Ensuite, une bonne part des ministres et des députés plaident pour qu'on lâche l'affaire. De même que la majorité des sénateurs, sous la pression des élus ruraux.
Aux dernières nouvelles, ceux-ci ont proposé un compromis, plutôt rusé : n'appliquer le 80 km/h que sur les routes dépourvues de ligne médiane. En clair, les petites routes étroites (les blanches des cartes Michelin), mais pas sur les départementales à fort trafic et les ex-nationales, là où la nouvelle limitation sera plus difficile à respecter.
Il est certain que la mesure serait mieux acceptée, mais comme on ne déplore que peu de victimes sur ces routes très secondaires à faible trafic et petite vitesse, cela reviendrait à lui retirer l'essentiel de son efficacité, si tant est qu'elle en ait.
Le 80 km/h si "on" veut
Car la question de l'efficacité du 80 km/h risque de se poser dans les mêmes termes que celle de la rentabilité d'Autolib : les "gens" joueront-ils le jeu ?
S'ils le jouent, il est évident que le 80 km/h sauvera des centaines de vies : moins d'accidents et moins graves.
Il s'agit donc d'une excellente décision, prise dans le meilleur des mondes où les gens préfèrent une petite voiture électrique grise à une grosse berline diesel noire, où personne n'écrase son mégot sur la planche de bord ou n'abandonne son burger dégoulinant sur la banquette arrière. Et bien sûr, où l'on respecte les limitations de vitesse.
Hélas, dans le monde réel, la plupart des "gens" ne les respectent que là où ils encourent une contravention. Or, le risque est quasi-nul sur la quasi-totalité des petites routes de campagne. Et très faible sur les plus grandes pour peu que l'on soit un minimum outillé pour anticiper les "zones de danger".
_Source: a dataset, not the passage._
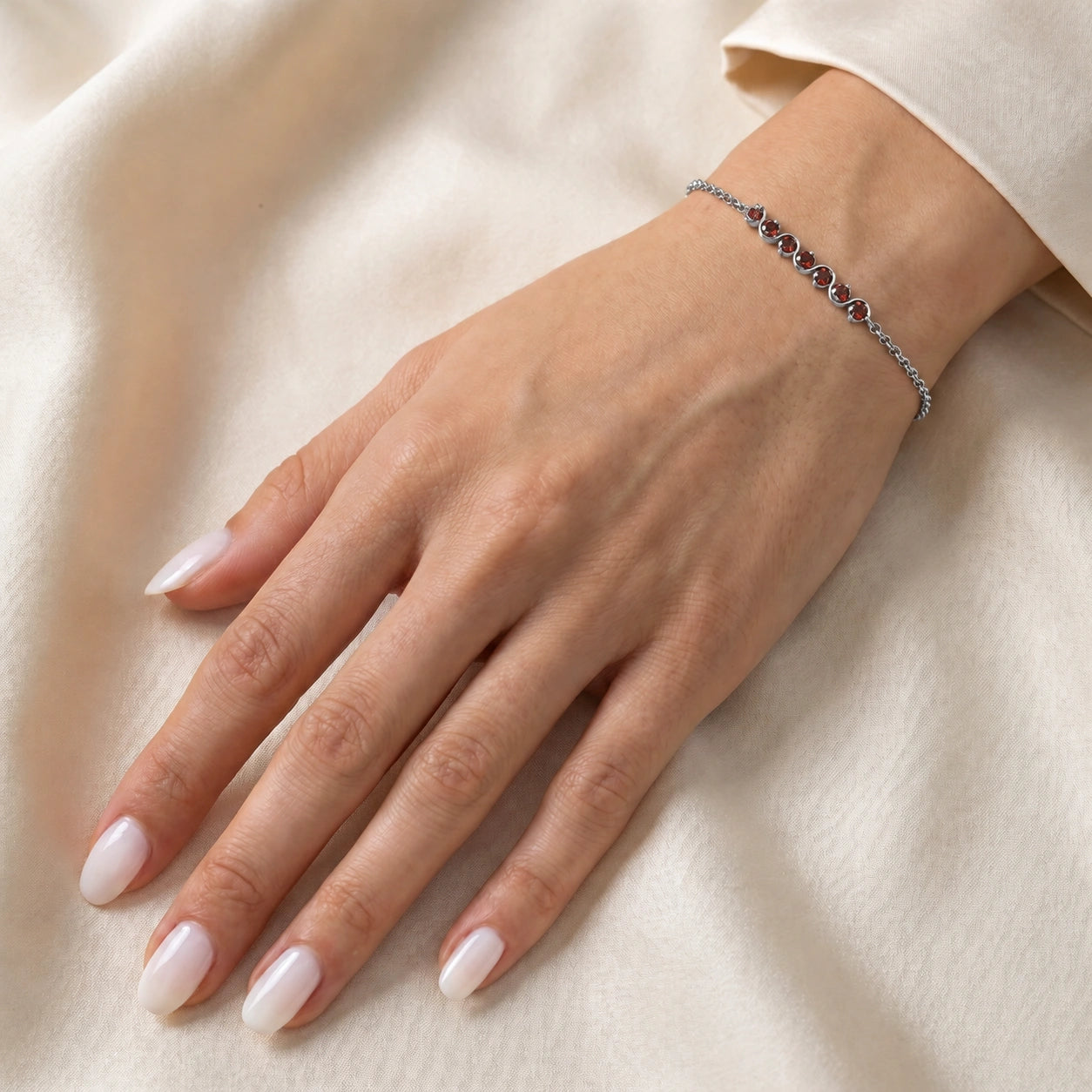 White Gold Bracelet Garnet 10K — Isolina
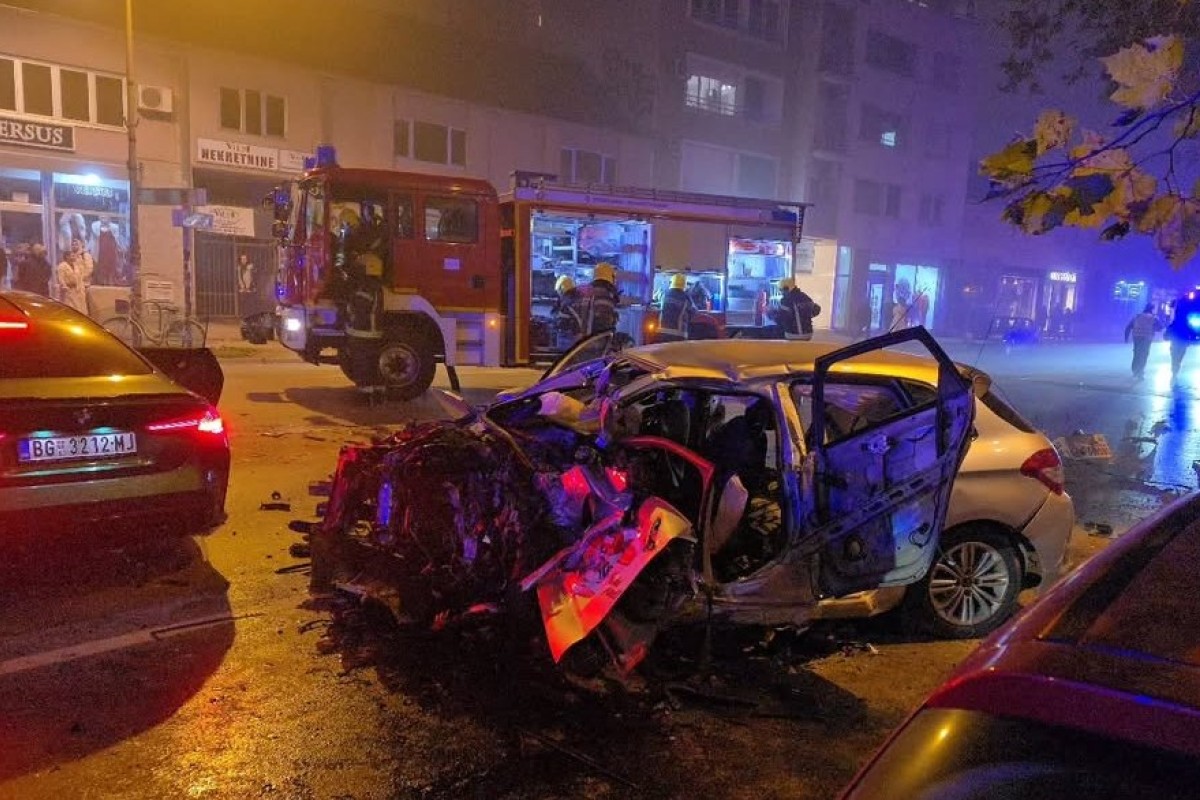 Novi Sad: Uletio u suprotnu traku, taksista poginuo, djevojka kritično (VIDEO)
Le bon vouloir des conducteurs pourrait donc avoir le dernier mot. Et on les sait hostiles à la mesure pour plus des deux tiers à près des trois quarts selon les sondages. Et à 90 % si l'on écarte les opinions favorables de ceux qui ne sont pas ou peu concernés : Franciliens et habitants des métropoles régionales.
Deux scénarios sur les petites routes
Ce qu'il faut redouter, c'est un scénario où une moitié des conducteurs respecte le 80 et une autre continue de rouler "à sa main", c’est-à-dire sans respecter non plus feu le 90.
Hypothèse optimiste, la réduction des vitesses moyennes diminuerait la gravité des accidents.
Hypothèse pessimiste, l'accroissement des différences de vitesse se traduit par celle du nombre de dépassements et donc du nombre d'accidents.
Pire encore, on peut aussi redouter qu'une partie du trafic se détourne des axes possiblement policés au profit des petites routes où l'on ne voit jamais un radar mais parfois les pompiers. Cochez "au plus court" sur un GPS et vous les trouverez sans peine.
Personne n'avait prédit qu'Autolib périrait de l'incivisme de l'usager ni de l'avènement d'un nouveau genre de taxi. Il serait donc prudent d'envisager que le 80 km/h puisse être un meurtrier fiasco.